El diccionario italiano reconoce la palabra felliniano. Significa casi todo aquello que tiene que ver con el Mago de Rímini y su cine, no alberga dudas. Pero también es el adjetivo que describe un universo estético, social y político que ha impregnado a toda una nación desde hace seis décadas. La tensión entre el hombre moderno y los rudimentos del pasado, los sueños eróticos, el machismo caricaturesco o una extraña mezcla de crítica y enamoramiento simultáneo hacia una sociedad del espectáculo que terminó convertida en odiosa industria publicitaria. Federico Fellini (Rímini, 1920-Roma, 1993) ganó cinco Oscar, dejó algunas de las películas más asombrosas producidas en Italia y fundó una nueva manera de contar el mundo desde los sueños y el lado más grotesco de sus propios recuerdos. Un siglo después de su nacimiento, el big bang estético creado durante los años que vivió en Roma revienta las costuras del diccionario.
Una placa en el número 110 de la silenciosa via Margutta, entre la piazza de Spagna y la Villa Borghese, recuerda el lugar donde vivió durante décadas Fellini con su esposa, Giulietta Masina. La casa se vació y se vendió en 1994 cuando ella murió y hoy pertenece a otro propietario. Pero los confines de aquel mundo más prosaico y rutinario, hecho de paseos, discusiones con los sospechosos habituales como Ennio Flaiano —escritor, periodista y guionista/ventrílocuo de sus mejores películas— o largas comidas con Marcello Mastroianni no se expandían tanto como su imaginación. Cada mañana tomaba café en el Canova y se dejaba caer para comer en Dal Toscano en el barrio de Prati, siempre en la misma mesa.
Roma fue el lugar que esculpió a un chico que llegó con 18 años buscando fortuna como viñetista y dibujante desde Rímini. La ciudad de la costa adriática de tejados rojos y estanqueras voluptuosas fue un enjambre de recuerdos mágicos e inconexos que logró recopilar en Amarcord (1973), también en I Vitelloni (Los inútiles, 1953) o en La Strada (1954). La verdadera patria de Fellini, sin embargo, la que jamás tuvo fronteras, supo mantenerse oculta entre las cuatro paredes del Teatro 5 de Cinecittà, donde construyó la mayoría de sus ensoñaciones.
Ese melancólico Hollywood italiano, al final de la via Tuscolana, en la otra punta de Roma, intenta recuperar el vigor con nuevos rodajes. La casa de Fellini, el estudio que ardió en 2012 y en el que muchos no quisieron rodar intimidados por viejos fantasmas, ha estado ocupada hasta hace poco por los decorados de El nuevo Papa, la serie vaticana de Sorrentino, puede que el mayor heredero —imitador, mascullan algunos en Italia— del cineasta de Rímini.
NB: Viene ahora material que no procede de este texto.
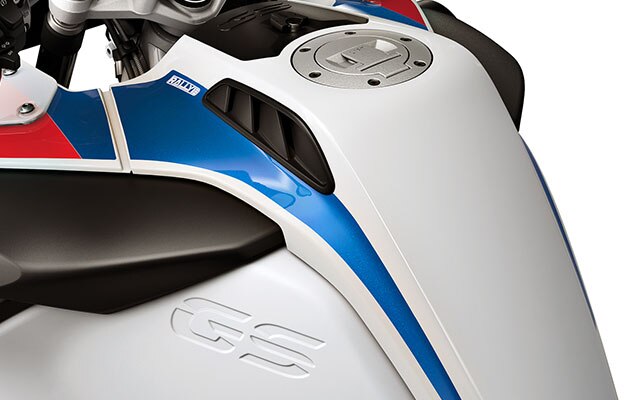 Nous voyons ici le réservoir de 30 litres de la R 1250 GS Adventure.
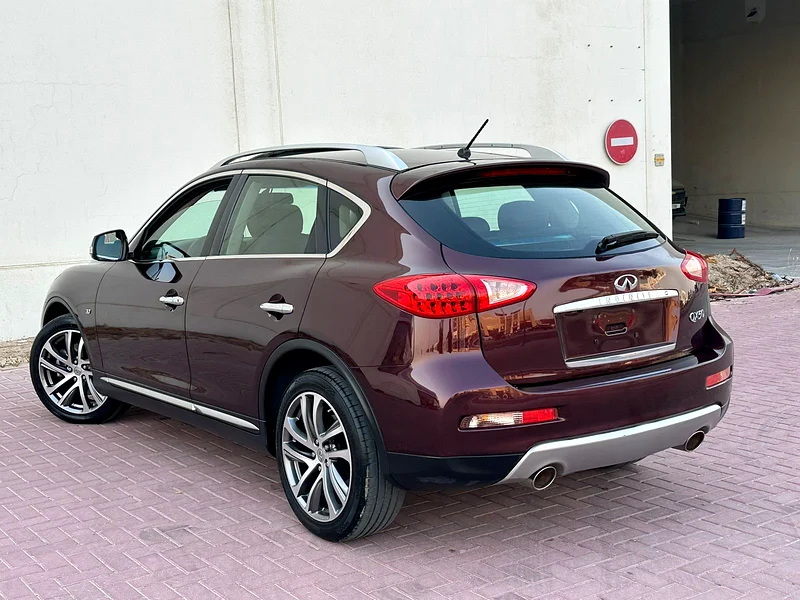 إنفيني QX50 - مواصفات دول مجلس التعاون - تحت الضمان - بدون حوادث - حالة ممتازة -63174307105537114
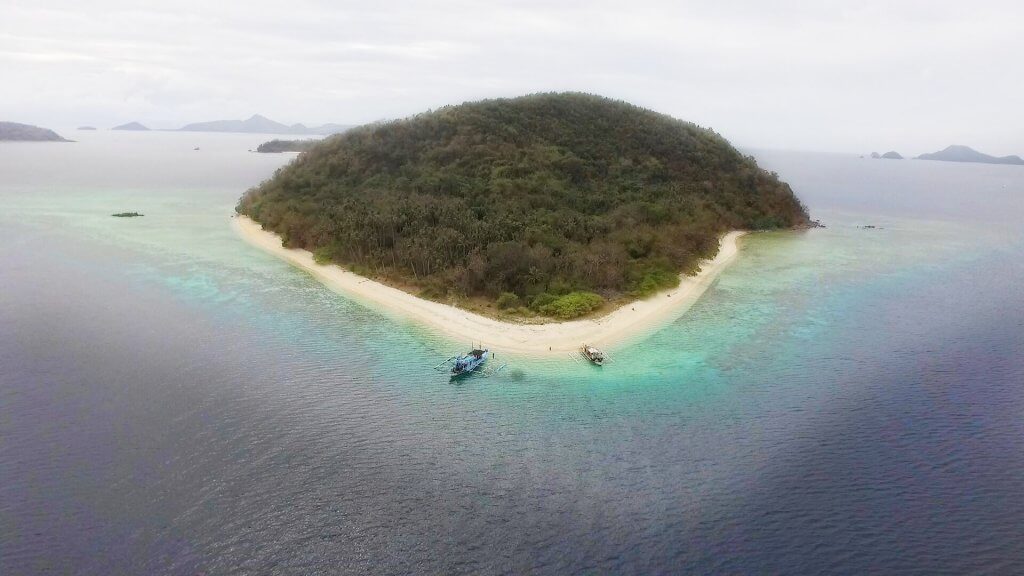 Island hopping in the philippines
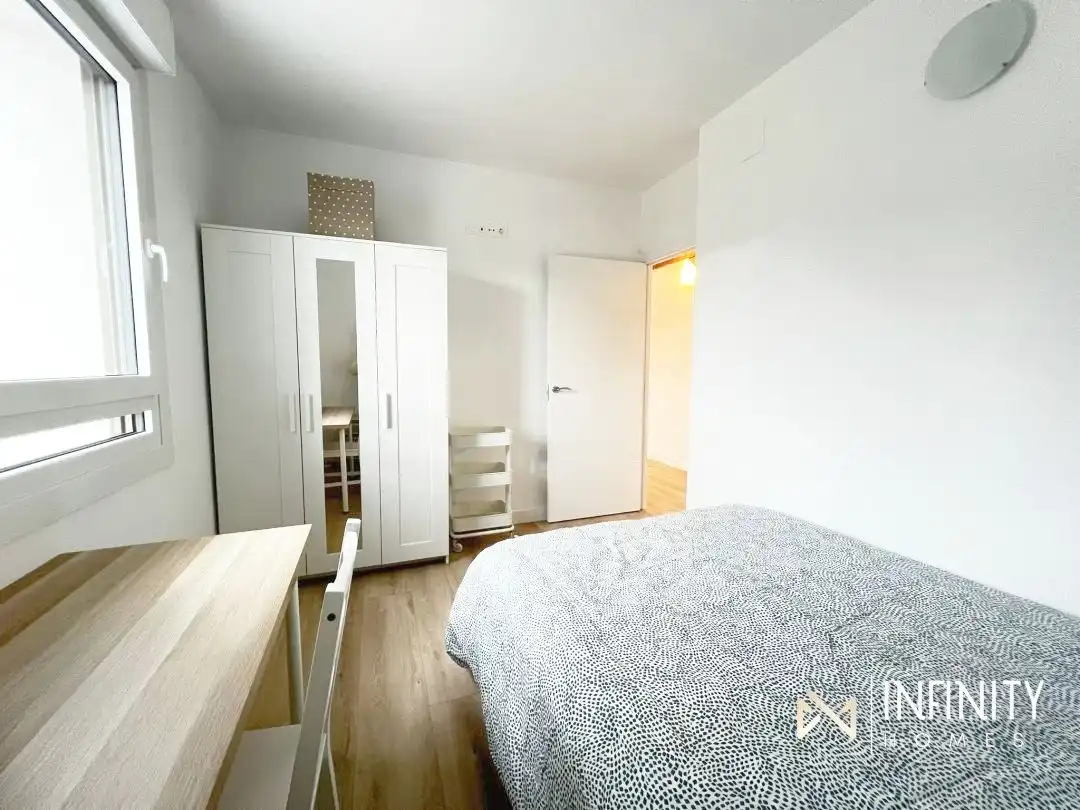Habitación de Piso de alquiler en Bilbao  con Calefacción y Balcón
Aquí se rodaron Ocho y medio (1963), La Dolce Vita (1960), Las noches de Cabiria (1958)… también algunos de los últimos filmes, como Y la nave va (1983) y Ginger y Fred (1986), en la que comenzó su relación con el diseñador de vestuario Maurizio Millenotti. “El set de rodaje era su hogar. Le encantaba estar ahí porque amaba a la familia del cine. Adoraba estar en medio de los maquinistas, electricistas, iluminadores… Tenía una relación particular e individual con todos. Por aquí pasaron reyes, grandes cineastas como Scorsese, políticos de todo tipo… Todos querían verle trabajar en su espacio. Cuando comíamos fuera siempre contaba anécdotas apasionantes y le escuchábamos como niños”, recuerda al teléfono el diseñador.